According to Mr. Dillard, the group is “considering either protests or people doing public outreach at various restaurants” that sell foie gras, which may or may not include the Manhattan establishments listed in their press release: Eleven Madison Park, La Silhouette, Paradou, Per Se, and Plein Sud. For anyone who wants to get involved in these hypothetical boycotts, Mr. Dillard said to contact Wendy Cromwell of the ADLF.
When asked if there could be a way that Hudson Valley could keep its claim of humane foie gras production, Mr. Dillard replied, “I can’t imagine how expanding an animal eight or more times, an animal’s liver, eight or more times its normal size so that the animal is basically dying of liver failure… I don’t see how you can call that humane. Humane is generally considered to be helping animals. Not inducing disease and killing them.”
“It’s really Ella, she’s the David that’s going up against Goliath,” continued Mr. Dillard. “It is the first time that a person that produces a humane product has challenged in federal court a person that produces a cruel product for false advertising.”

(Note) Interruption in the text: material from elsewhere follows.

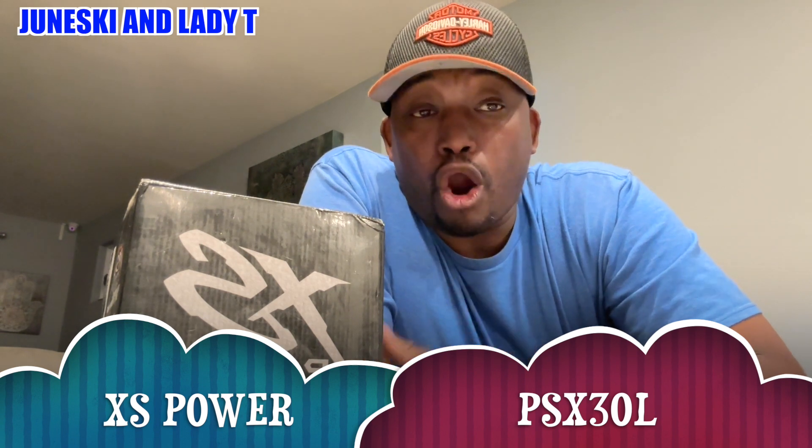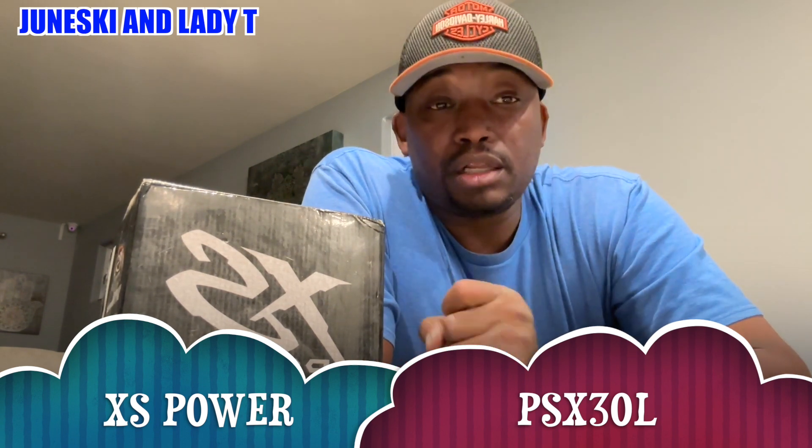What up fam, it's your boy Junski. Today I got something special for you. I looked high and low on YouTube to find this right here — the Excess Power battery for my Harley Davidson 2019 Road Glide. I see people talk about it, like the guy from NVS Audio and others — they show the battery, but they don't actually show you when they hook it up.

The group recently got Temple Grandin to weigh in, and in the press release she condemned (not for the first time) foie gras production, without naming any particular brand:
“Regarding foie gras production, force feeding is a procedure which is highly questionable from an animal welfare standpoint. If the bird’s metabolism is sufficiently overloaded with force fed grain, death losses will increase. One of my biggest concerns in animal welfare is biological system overload. This occurs when an animal’s physiology is pushed to a point where it starts to break down and the animal develops metabolic diseases and other problems that can severely compromise welfare such as lameness, heart stress, loss of body condition, death losses, mobility problems or abnormal behavior.”
When reached for comment about the possibility of boycots and the recent press release, Hudson Valley’s farm manager Marcus Henley stated that he wouldn’t comment on any litigation in progress. He did, however, offer his thoughts on Ms. Grandin’s comments, saying “Temple has said I think similar, made similar comments before I don’t think that, I can’t say what’s in her, it’s hard to understand exactly what she means. She’s not been here so she doesn’t have experience with foie gras farming although she’s certainly well respected but we would certainly love to have her come take a look at what we’re doing…As far as (her) statement, it seems to be a thoughtful concern, and certainly there’s a lot of information that’s been generated by researchers that we believe answer those concerns and I think that will be about all that I can say.”